FM Global has this week unveiled two new climate resilience tools.
Its new Climate Risk Report scores each client organisation based on the actions they have taken to address climate risk and their unique exposure to events like flood, windstorms, hail and wildfire. A client’s score is based on both actionable risks and inherent risks.
The tool is based on billions of property-risk data points collected by FM Global from more than 60,000 engineering visits each year to client sites. The report is also underpinned by artificial intelligence, machine learning and predictive analytics.
Separately, the Climate Reporting Aid is a guide that helps clients disclose acute and chronic climate-related financial risks to investors and the public, according to widely-adopted frameworks like the international Task Force on Climate-related Financial Disclosures.

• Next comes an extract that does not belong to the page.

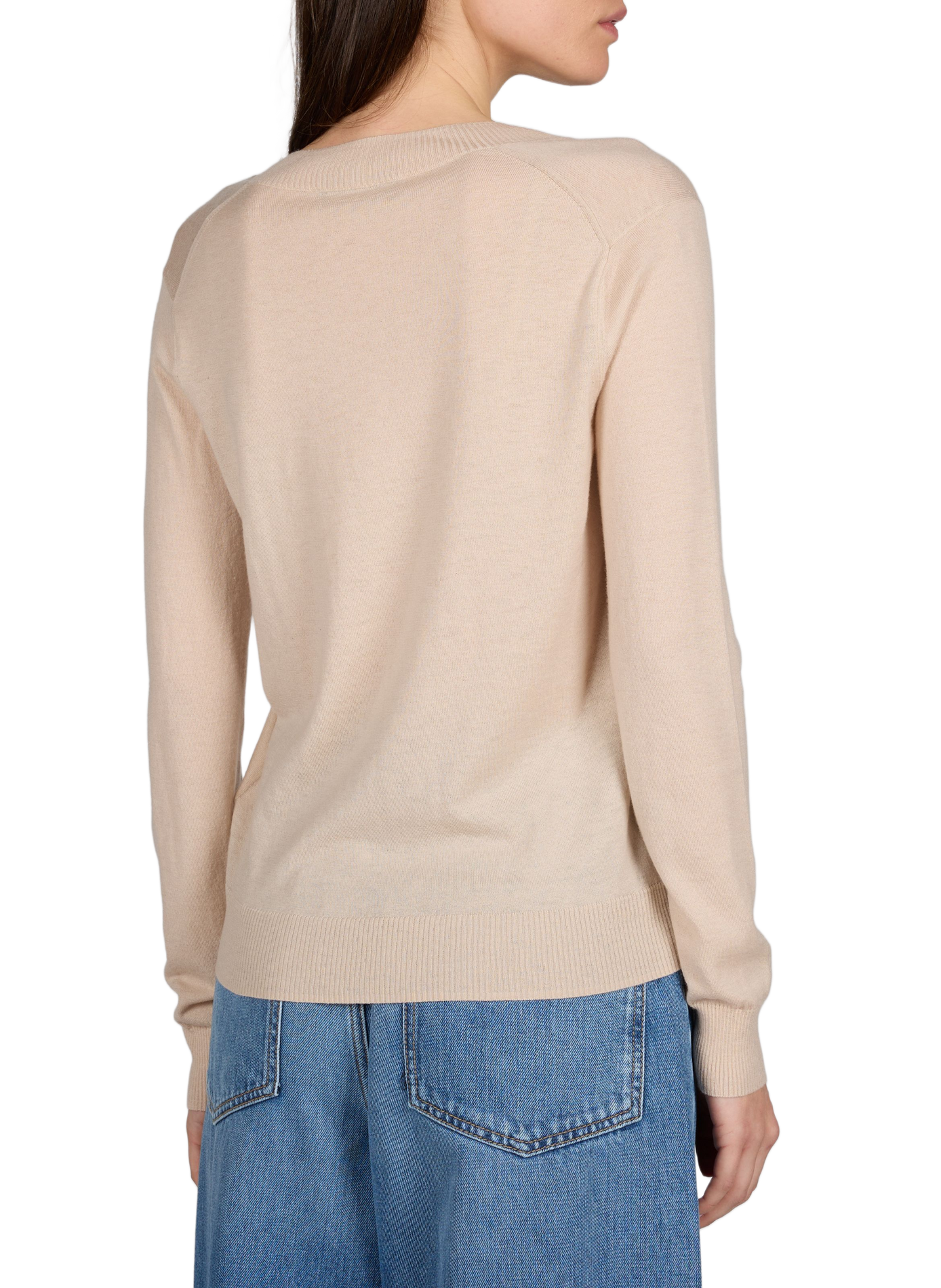 Pull col V en laine et cachemire MAX MARA WEEK END Beige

“We’ve analysed losses from climate risk and the value of climate resilience,” said Randall E. Hodge, executive vice-president, staff insurance operations at FM Global. “These new climate resilience products provide our clients with informed guidance from which they can prioritise their climate-risk-mitigation investments, ultimately leading to a more resilient tomorrow.
“We are learning from our clients, and in particular from their chief sustainability officers, that this data is very valuable in completing these financial disclosures, and that data can be difficult and costly to obtain otherwise.”
Climate-related losses at commercial properties with the highest climate risk are 30 times more likely to occur and be 180 times more severe than at properties with the lowest climate resilience, according to FM Global research.